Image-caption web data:
Content starts
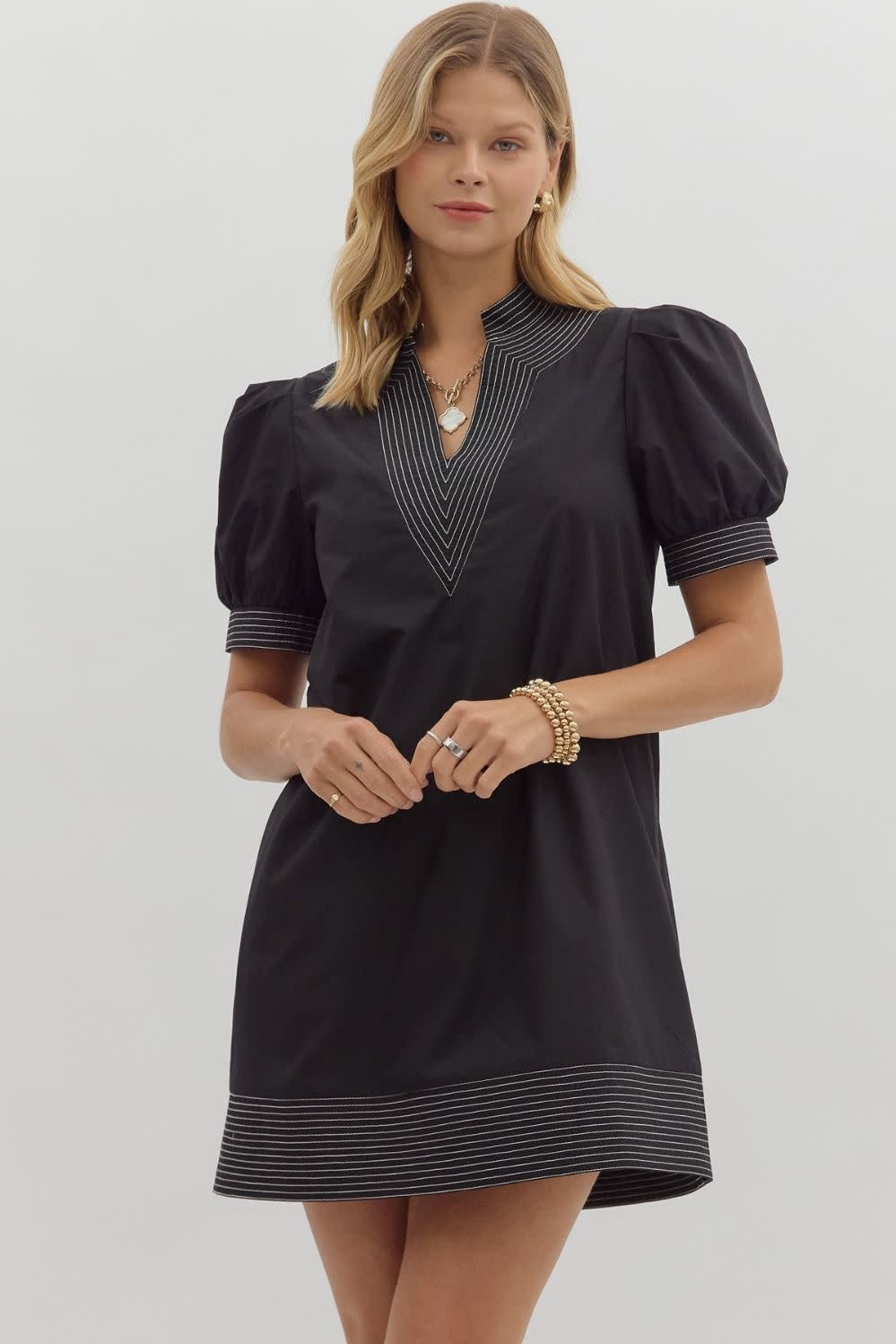 Solid mini dress with puff sleeves, contrast stitching at neckband and hem, side pockets.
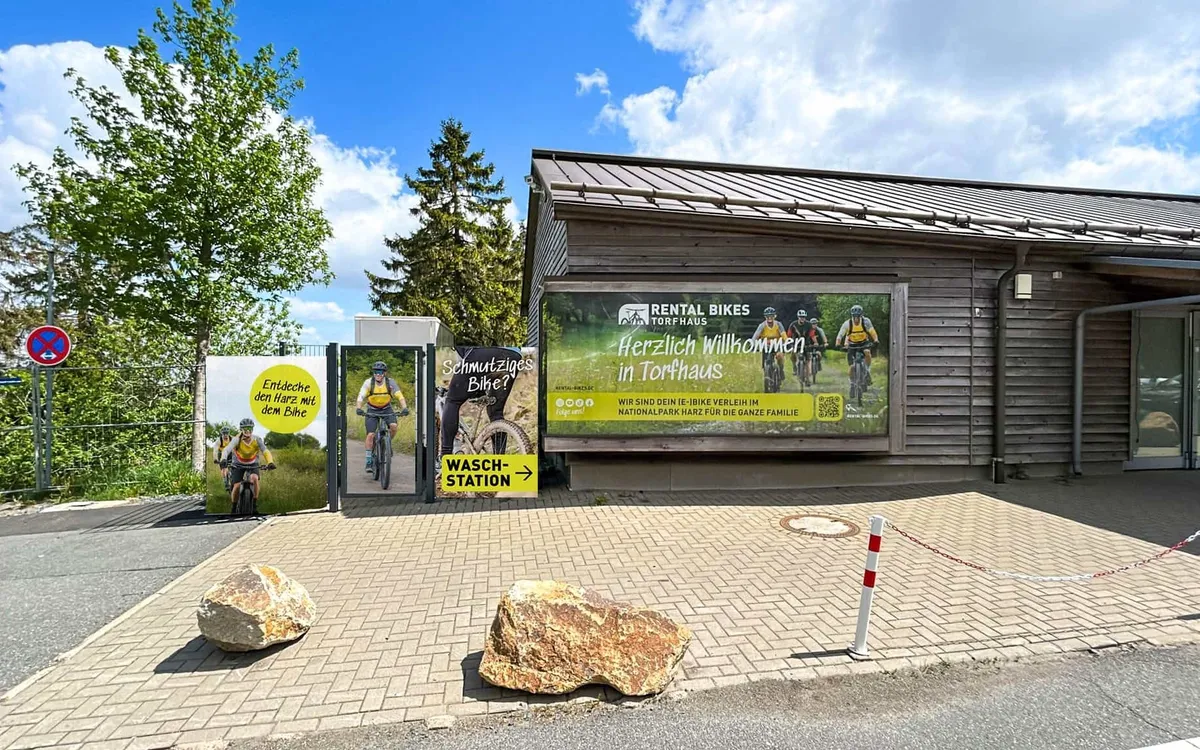 Rental Bikes Torfhaus: Die Verleihstation von Rental Bikes Torfhaus aus Holz mit Willkommensbanner und Waschstation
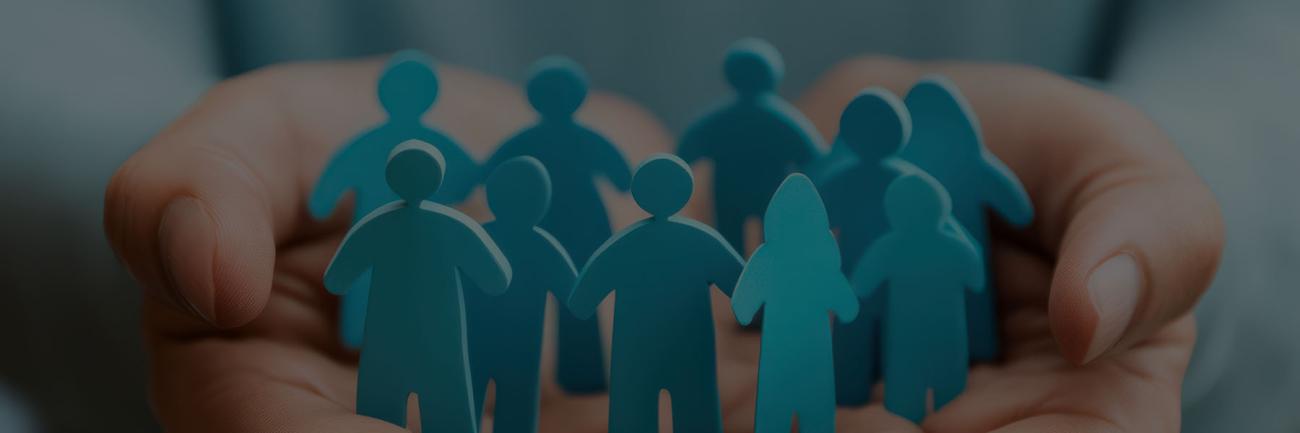 hands holding a circle of cut-out people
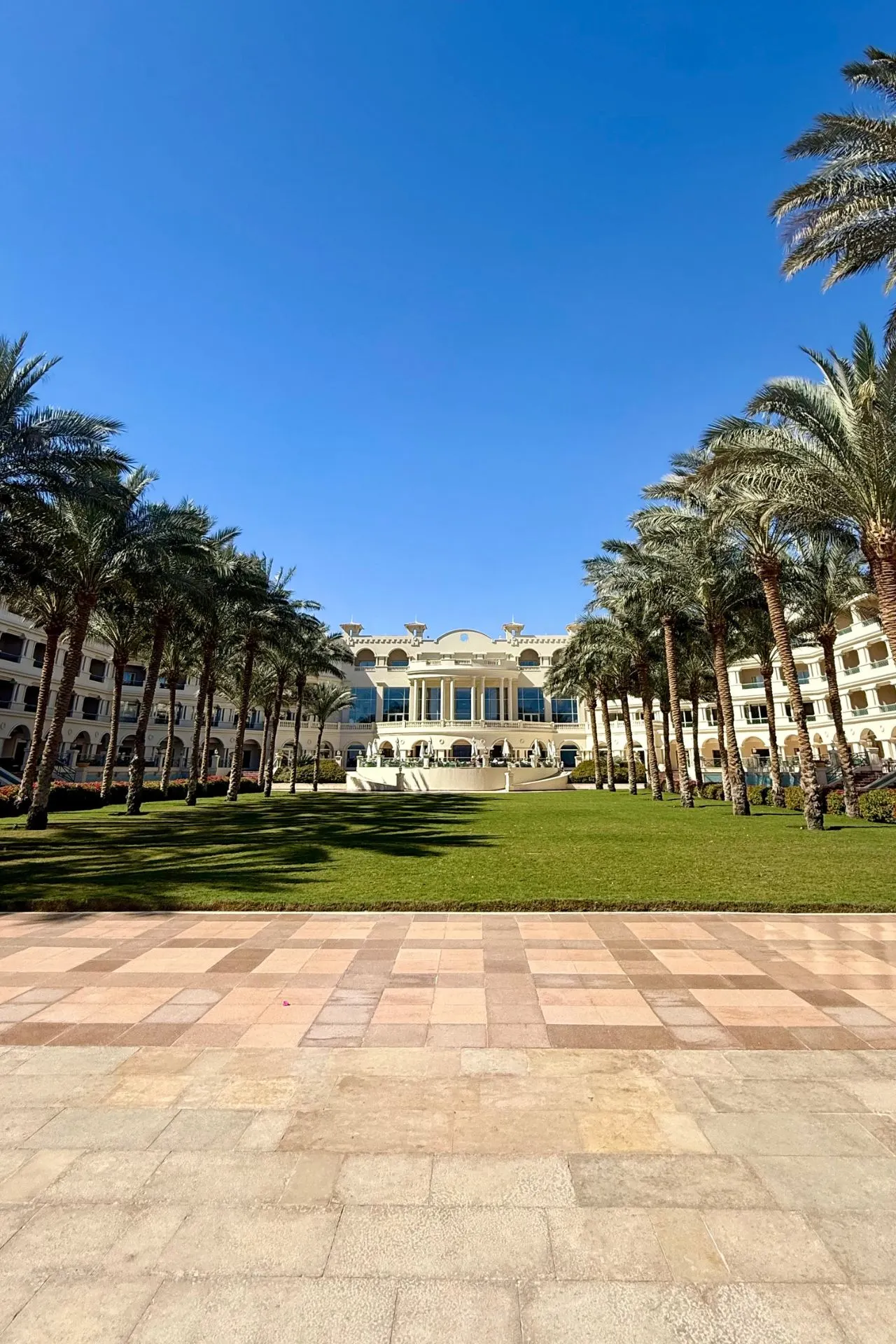 Exterieur van Baron Palace Sahl Hasheesh, een luxe resort aan de Rode Zee in Egypte met palmentuin en imposante entree.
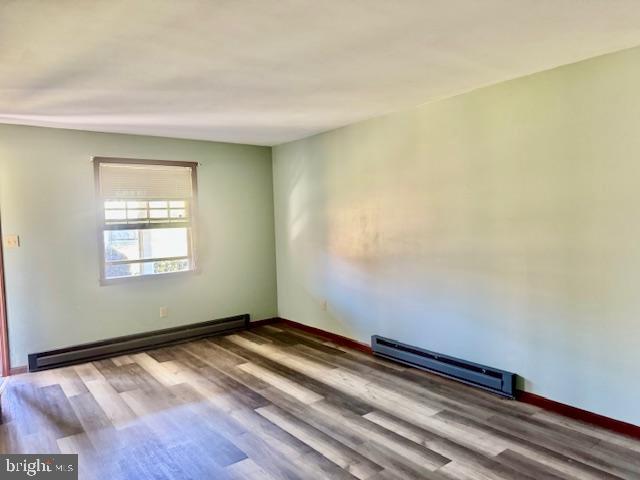66 Low Street Delano, PA 17948 - Photo 13 of 21 a view of empty room with wooden floor and fan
Content ends
Action item: Print all entries exactly; skip the pictures.

Reply:
 Solid mini dress with puff sleeves, contrast stitching at neckband and hem, side pockets.
 Rental Bikes Torfhaus: Die Verleihstation von Rental Bikes Torfhaus aus Holz mit Willkommensbanner und Waschstation
 hands holding a circle of cut-out people
 Exterieur van Baron Palace Sahl Hasheesh, een luxe resort aan de Rode Zee in Egypte met palmentuin en imposante entree.
66 Low Street Delano, PA 17948 - Photo 13 of 21 a view of empty room with wooden floor and fan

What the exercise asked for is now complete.